Author: Senthil Kumar, Technical Director | Updated: June 2026 | Reading time: 12 min
Jump to a Question
- Why is steam fed to the shell side, not the tube side?
- Not cooling enough — more process fluid or more cooling fluid?
- Standard practice for plumbing a shell and tube heat exchanger
- Can the U value exceed the design value? Is that expected?
- Can the U value stay constant even when tubes are fouled?
- Can fouled tubes reduce flow through the exchanger?
- Prandtl number vs Nusselt number — what is the real difference?
- Heat loss from uninsulated exchangers — should Q hot = Q cold?
- What happens without an impingement plate — and how to prove it?
Why is steam fed to the shell side in heat exchangers rather than the tube side?

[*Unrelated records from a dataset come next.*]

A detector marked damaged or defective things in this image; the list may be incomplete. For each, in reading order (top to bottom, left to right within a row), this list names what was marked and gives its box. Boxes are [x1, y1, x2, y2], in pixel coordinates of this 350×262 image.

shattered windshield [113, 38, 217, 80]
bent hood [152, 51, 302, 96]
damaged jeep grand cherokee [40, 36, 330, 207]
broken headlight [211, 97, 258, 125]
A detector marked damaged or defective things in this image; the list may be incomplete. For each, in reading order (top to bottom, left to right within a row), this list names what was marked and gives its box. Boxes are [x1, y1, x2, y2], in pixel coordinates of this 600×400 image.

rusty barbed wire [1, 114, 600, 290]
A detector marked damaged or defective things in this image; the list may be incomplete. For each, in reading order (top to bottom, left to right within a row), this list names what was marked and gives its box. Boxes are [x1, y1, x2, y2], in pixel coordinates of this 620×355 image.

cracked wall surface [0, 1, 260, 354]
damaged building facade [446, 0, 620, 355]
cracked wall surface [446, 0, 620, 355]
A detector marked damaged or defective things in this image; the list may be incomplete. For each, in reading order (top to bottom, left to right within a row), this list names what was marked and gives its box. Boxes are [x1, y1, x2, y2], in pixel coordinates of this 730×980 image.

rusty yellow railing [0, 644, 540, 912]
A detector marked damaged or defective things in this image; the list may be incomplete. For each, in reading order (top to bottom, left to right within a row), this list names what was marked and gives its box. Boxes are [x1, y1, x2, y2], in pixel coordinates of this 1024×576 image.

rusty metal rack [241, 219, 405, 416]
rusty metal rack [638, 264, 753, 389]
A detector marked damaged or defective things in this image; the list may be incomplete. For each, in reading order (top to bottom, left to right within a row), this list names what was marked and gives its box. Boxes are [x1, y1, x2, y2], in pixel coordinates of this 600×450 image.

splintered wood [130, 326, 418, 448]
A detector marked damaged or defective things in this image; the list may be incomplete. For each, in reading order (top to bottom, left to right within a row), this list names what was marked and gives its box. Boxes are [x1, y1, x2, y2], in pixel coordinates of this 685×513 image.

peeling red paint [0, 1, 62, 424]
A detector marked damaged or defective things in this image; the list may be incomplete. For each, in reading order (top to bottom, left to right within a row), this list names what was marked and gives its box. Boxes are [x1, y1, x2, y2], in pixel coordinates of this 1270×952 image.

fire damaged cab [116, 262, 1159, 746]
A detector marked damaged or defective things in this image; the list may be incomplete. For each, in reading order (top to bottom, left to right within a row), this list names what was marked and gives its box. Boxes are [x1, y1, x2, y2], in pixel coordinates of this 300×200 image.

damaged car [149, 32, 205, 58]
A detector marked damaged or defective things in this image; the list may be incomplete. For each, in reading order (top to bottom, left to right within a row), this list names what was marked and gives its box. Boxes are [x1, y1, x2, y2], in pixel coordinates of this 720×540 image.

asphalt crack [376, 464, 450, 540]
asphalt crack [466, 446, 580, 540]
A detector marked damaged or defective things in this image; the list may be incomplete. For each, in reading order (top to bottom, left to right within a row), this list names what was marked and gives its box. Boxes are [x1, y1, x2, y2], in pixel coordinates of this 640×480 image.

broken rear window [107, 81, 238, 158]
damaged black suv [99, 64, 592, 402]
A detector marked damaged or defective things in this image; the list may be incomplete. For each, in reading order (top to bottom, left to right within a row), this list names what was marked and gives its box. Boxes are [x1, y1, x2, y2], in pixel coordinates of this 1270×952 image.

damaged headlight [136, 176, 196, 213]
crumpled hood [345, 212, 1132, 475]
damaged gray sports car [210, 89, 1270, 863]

This seems to have an obvious answer — until you dig into it and realize it depends on the application. Steam isn't always on the shell side. But when it is, there are good reasons for it.
Condensate Drainage
Steam condenses as it gives up heat. On the shell side, condensate pools at the bottom and drains through a dedicated nozzle with a steam trap. Inside tubes, condensate causes water hammer, slug flow, and damage at tube bends.
Uniform Heat Distribution
Shell-side steam bathes the full tube bundle — every tube gets approximately the same steam temperature. Multi-pass tube-side steam arrangements risk condensate accumulation causing temperature non-uniformity across passes.
Condensing Film Coefficient Is Already High
Steam condensing coefficients are 6,000–15,000 W/m²K. Whether shell or tube side, steam is almost never the controlling resistance. The tube-side process fluid usually limits the overall U — so steam placement has little thermal impact.
Pressure Rating Economics
At moderate steam pressures (below ~20 bar), the shell handles it cost-effectively. At very high steam pressures, this can flip — thick-walled tubes are cheaper than a heavy-wall shell, which is why some high-pressure steam heaters put steam tube side.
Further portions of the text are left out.